= Task description =
A faithful copy of every entry, with the pictures removed, is what is needed here.

= Task inputs =
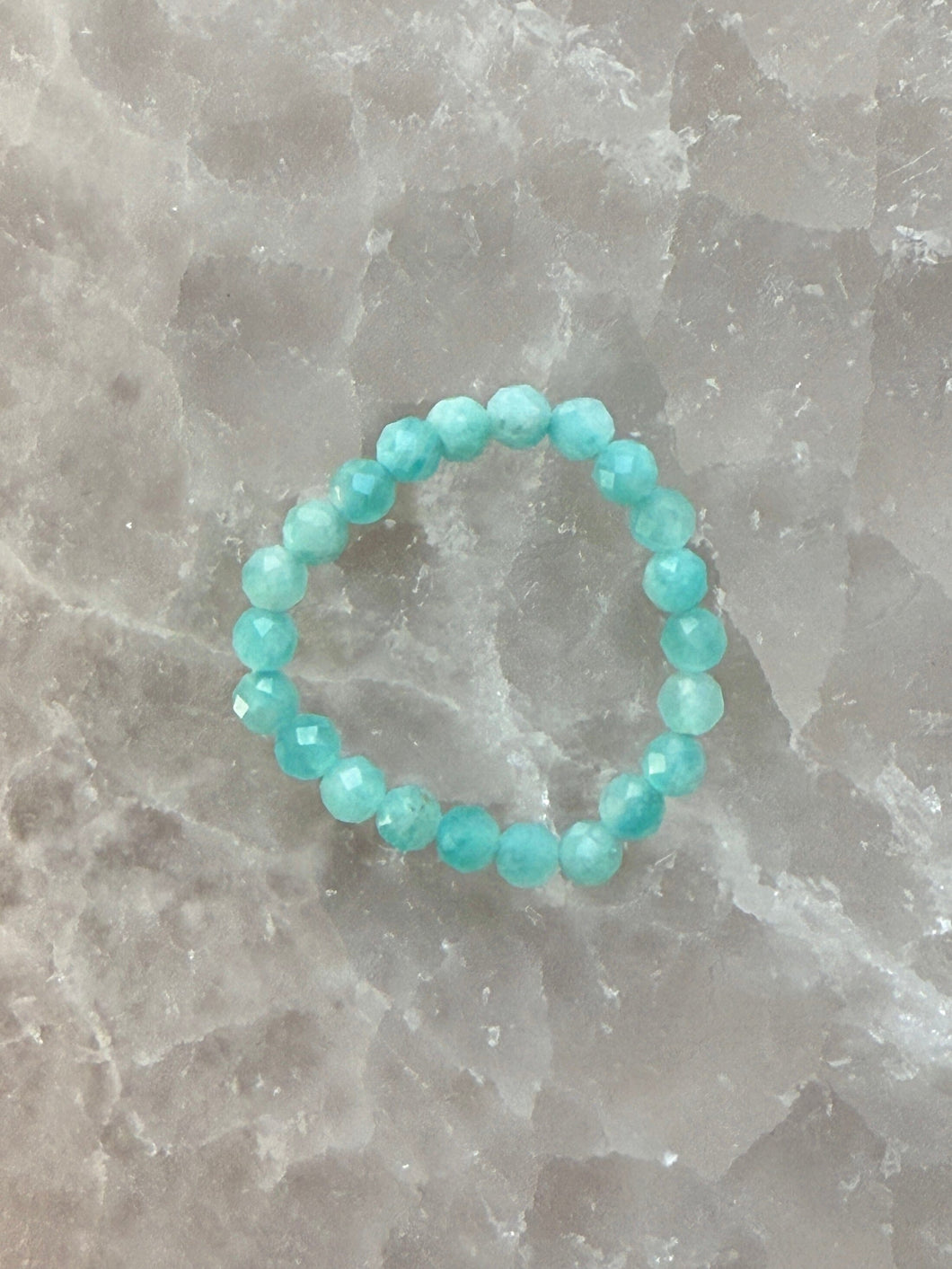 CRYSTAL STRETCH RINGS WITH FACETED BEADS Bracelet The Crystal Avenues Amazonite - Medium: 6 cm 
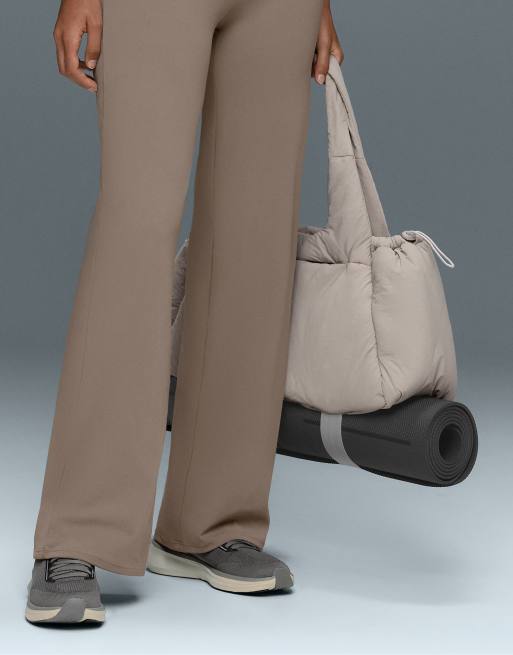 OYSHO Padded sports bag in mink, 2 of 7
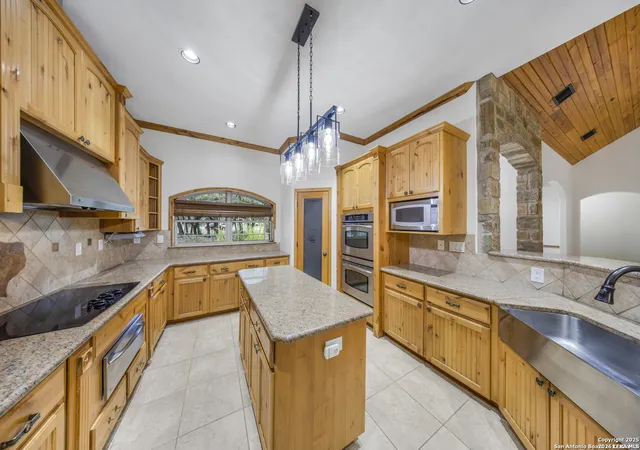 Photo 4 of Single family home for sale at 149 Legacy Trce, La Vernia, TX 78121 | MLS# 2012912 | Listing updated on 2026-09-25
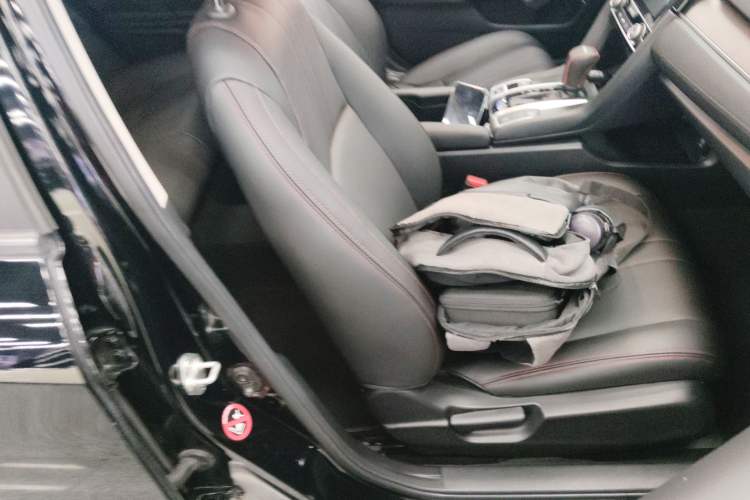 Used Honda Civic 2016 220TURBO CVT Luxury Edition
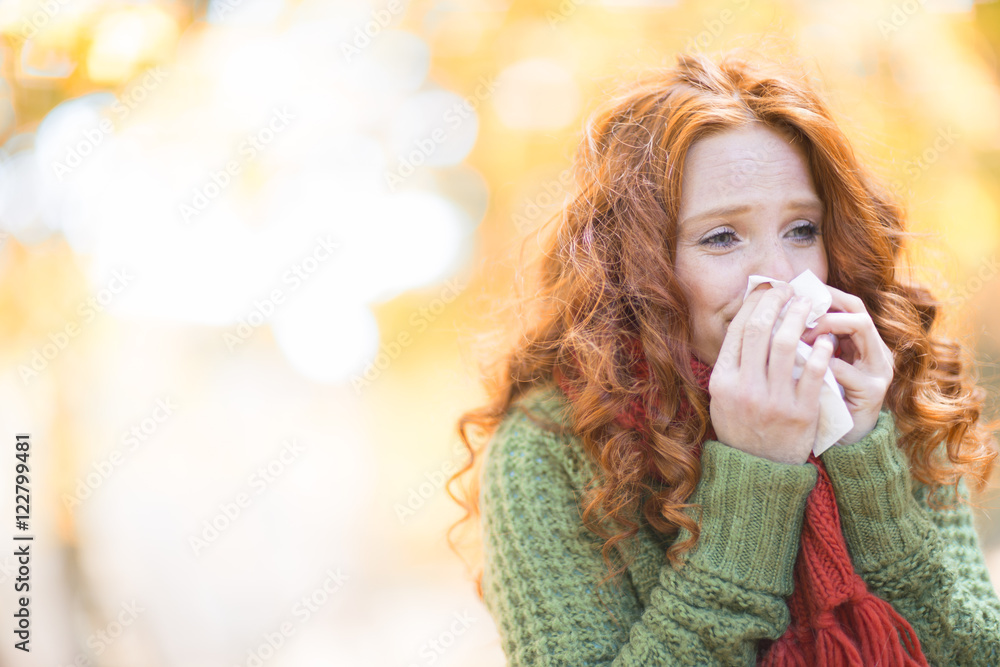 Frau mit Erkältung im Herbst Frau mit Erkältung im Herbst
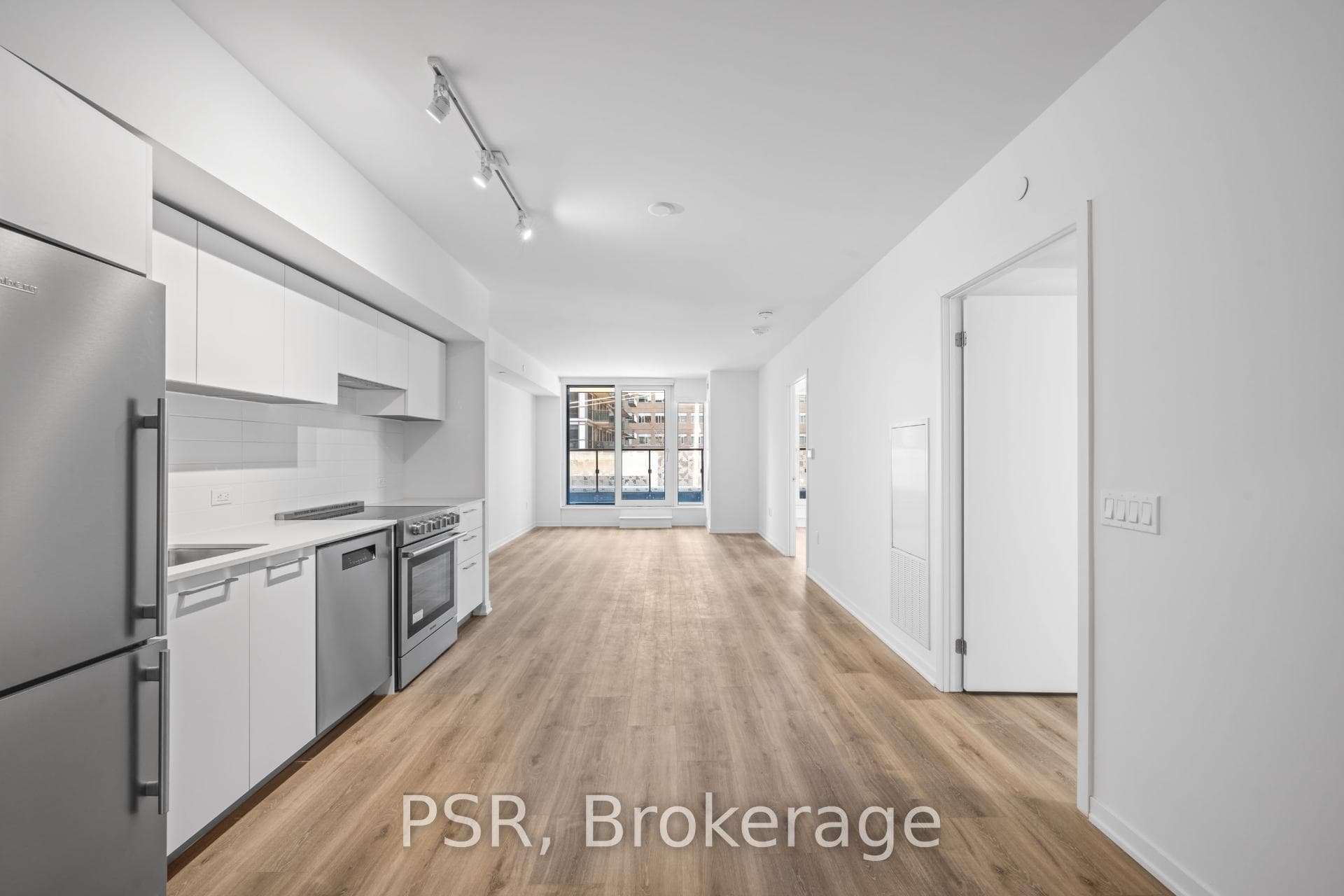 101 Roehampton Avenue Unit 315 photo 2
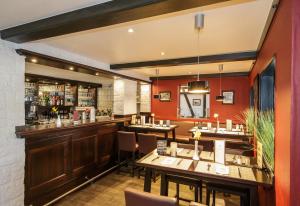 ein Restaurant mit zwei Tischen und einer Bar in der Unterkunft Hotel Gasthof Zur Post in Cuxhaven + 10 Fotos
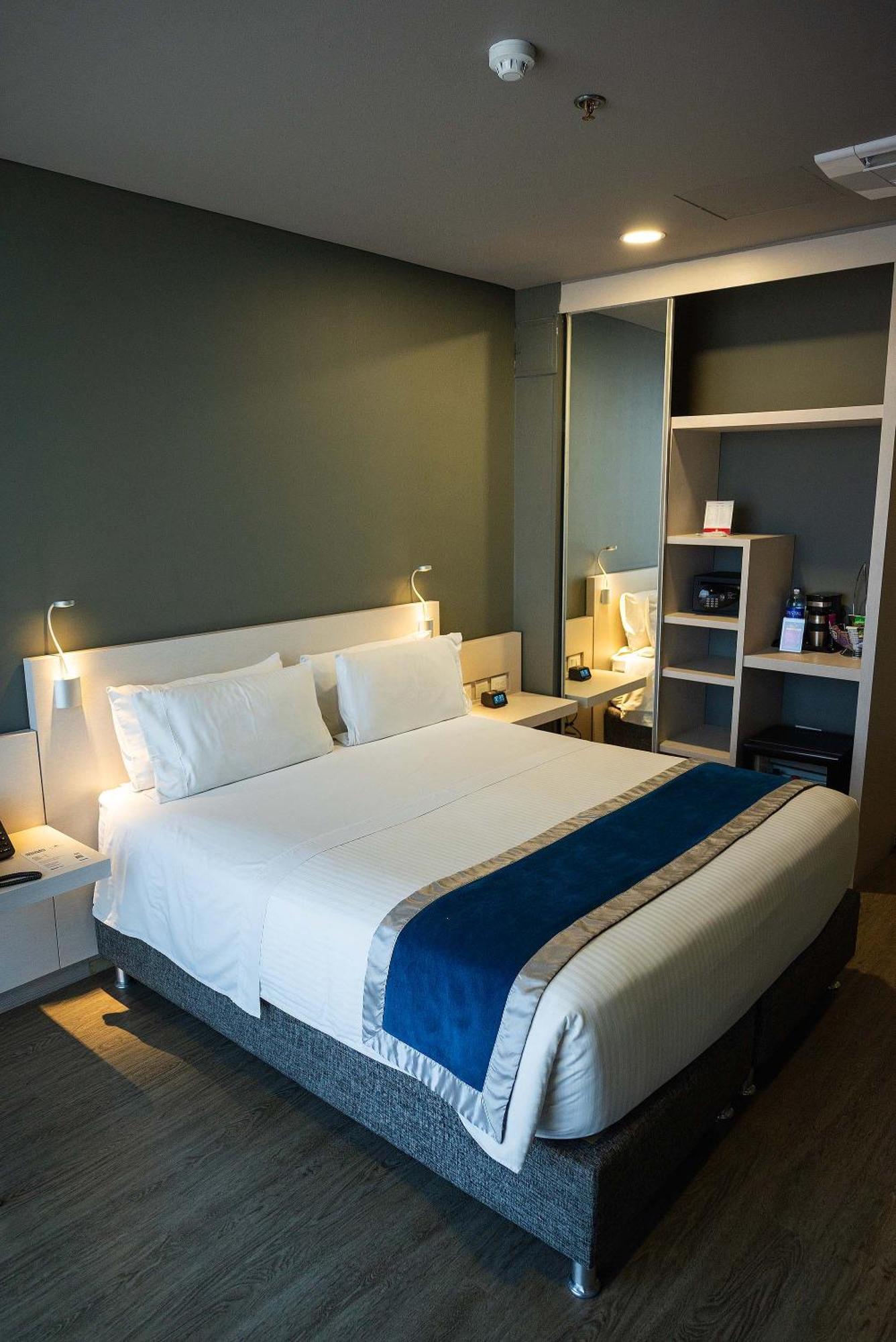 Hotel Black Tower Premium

= Result of this task =
 CRYSTAL STRETCH RINGS WITH FACETED BEADS Bracelet The Crystal Avenues Amazonite - Medium: 6 cm 
 OYSHO Padded sports bag in mink, 2 of 7
 Photo 4 of Single family home for sale at 149 Legacy Trce, La Vernia, TX 78121 | MLS# 2012912 | Listing updated on 2026-09-25
 Used Honda Civic 2016 220TURBO CVT Luxury Edition
 Frau mit Erkältung im Herbst Frau mit Erkältung im Herbst
 101 Roehampton Avenue Unit 315 photo 2
 ein Restaurant mit zwei Tischen und einer Bar in der Unterkunft Hotel Gasthof Zur Post in Cuxhaven + 10 Fotos
 Hotel Black Tower Premium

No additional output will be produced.